Shanghai Jiao Tong University
Job Posting Job Posting
The School of Cyber Science and Engineering (formerly known as the School of Information Security Engineering) of Shanghai Jiao Tong University was founded in October 2000. It was the first school-level training base for high-level information security professionals in China and was jointly established by the Ministry of Education of China, the Ministry of Science and Technology of China, and the Shanghai Municipal People’s Government. The undergraduate and postgraduate students of the school mainly come from the top 100 key high schools and 985/double first-class universities in China.

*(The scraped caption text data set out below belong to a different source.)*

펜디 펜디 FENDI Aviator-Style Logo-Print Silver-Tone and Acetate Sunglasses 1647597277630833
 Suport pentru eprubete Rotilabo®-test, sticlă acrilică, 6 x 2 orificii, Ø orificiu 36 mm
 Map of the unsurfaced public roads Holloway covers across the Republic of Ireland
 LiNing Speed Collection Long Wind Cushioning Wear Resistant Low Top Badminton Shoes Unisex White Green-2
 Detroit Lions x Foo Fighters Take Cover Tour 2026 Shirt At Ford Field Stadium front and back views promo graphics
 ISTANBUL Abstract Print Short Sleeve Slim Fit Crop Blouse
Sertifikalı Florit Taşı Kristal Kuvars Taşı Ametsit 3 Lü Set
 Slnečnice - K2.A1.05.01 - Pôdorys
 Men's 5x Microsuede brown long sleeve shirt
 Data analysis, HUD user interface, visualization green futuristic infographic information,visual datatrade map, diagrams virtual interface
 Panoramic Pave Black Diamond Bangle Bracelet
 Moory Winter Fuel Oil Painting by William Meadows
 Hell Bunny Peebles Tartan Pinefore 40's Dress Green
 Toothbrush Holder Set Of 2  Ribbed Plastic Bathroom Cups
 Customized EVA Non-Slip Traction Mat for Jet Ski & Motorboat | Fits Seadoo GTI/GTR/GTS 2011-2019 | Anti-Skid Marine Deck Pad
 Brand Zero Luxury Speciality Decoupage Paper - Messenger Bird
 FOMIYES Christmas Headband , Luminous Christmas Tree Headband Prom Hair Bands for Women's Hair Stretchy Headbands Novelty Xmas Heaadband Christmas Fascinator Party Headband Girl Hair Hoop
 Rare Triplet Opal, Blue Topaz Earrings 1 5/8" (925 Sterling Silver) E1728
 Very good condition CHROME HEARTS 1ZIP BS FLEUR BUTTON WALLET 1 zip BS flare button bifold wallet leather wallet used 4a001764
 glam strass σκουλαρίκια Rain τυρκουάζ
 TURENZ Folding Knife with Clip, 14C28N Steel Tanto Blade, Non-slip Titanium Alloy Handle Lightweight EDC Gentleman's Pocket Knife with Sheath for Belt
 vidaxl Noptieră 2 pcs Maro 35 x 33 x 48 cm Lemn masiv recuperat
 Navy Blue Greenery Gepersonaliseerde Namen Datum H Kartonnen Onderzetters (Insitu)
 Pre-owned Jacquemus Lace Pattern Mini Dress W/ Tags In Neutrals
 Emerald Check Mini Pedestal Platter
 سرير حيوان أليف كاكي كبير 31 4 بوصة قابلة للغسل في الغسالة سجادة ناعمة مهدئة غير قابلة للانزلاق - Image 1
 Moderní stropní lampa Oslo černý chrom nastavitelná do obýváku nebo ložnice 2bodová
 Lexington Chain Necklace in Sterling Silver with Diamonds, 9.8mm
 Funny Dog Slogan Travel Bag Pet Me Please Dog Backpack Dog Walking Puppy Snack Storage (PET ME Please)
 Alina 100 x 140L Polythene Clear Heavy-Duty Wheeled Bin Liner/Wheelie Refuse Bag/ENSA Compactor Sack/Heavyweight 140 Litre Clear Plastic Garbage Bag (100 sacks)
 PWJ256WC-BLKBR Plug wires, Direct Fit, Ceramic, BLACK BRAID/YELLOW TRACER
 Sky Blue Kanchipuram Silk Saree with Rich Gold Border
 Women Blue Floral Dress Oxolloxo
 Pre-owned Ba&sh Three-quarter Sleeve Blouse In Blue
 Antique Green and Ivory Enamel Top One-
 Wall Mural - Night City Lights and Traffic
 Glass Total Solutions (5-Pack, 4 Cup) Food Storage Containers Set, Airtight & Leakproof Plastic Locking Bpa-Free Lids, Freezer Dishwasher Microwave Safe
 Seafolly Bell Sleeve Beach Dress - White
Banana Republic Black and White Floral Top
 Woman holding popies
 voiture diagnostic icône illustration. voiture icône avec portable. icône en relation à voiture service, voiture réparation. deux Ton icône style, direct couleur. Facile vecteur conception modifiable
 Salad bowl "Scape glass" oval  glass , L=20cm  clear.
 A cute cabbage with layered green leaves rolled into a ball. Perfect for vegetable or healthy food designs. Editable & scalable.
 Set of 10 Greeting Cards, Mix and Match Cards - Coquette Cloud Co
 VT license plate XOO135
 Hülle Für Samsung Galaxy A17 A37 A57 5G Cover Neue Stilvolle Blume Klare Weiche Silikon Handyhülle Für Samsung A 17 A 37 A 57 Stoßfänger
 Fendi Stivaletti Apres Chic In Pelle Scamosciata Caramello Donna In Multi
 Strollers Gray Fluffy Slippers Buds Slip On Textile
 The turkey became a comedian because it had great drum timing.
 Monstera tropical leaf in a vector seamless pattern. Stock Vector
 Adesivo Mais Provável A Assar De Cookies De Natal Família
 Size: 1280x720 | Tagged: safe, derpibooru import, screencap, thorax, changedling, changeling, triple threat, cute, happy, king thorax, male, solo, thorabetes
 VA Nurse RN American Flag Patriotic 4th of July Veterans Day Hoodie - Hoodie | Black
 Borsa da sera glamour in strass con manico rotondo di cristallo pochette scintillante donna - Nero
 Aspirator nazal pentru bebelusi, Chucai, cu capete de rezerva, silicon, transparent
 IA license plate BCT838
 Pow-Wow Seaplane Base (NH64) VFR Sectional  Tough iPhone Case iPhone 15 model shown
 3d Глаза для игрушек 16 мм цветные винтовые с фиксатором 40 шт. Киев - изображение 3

The school is ranked among the best cyberspace security nationwide every year. The school has a solid foundation and strength in the field of academic research and technological innovation on cyberspace security. The school is committed to building a world-class academic research center, cultivating the talents of the country and society. The school is in great demand of a number of world renowned professors, outstanding young researchers, full-time research fellows and post-doctors. The school now has a few positions available at the rank of tenure-track Assistant/Associate Professors, tenured Full Professors as well as Research Assistants/Associates and Post-Doctors in theory and practice of cyberspace security.
Applicants should have (a) a doctoral degree in Computer Science, Electronic Engineering, Communication, Mathematics or Statistics; (b) an established track record in research and scholarship; (c) expertise in the cryptographic and security research areas; and (d) a demonstrated commitment to excellence in teaching.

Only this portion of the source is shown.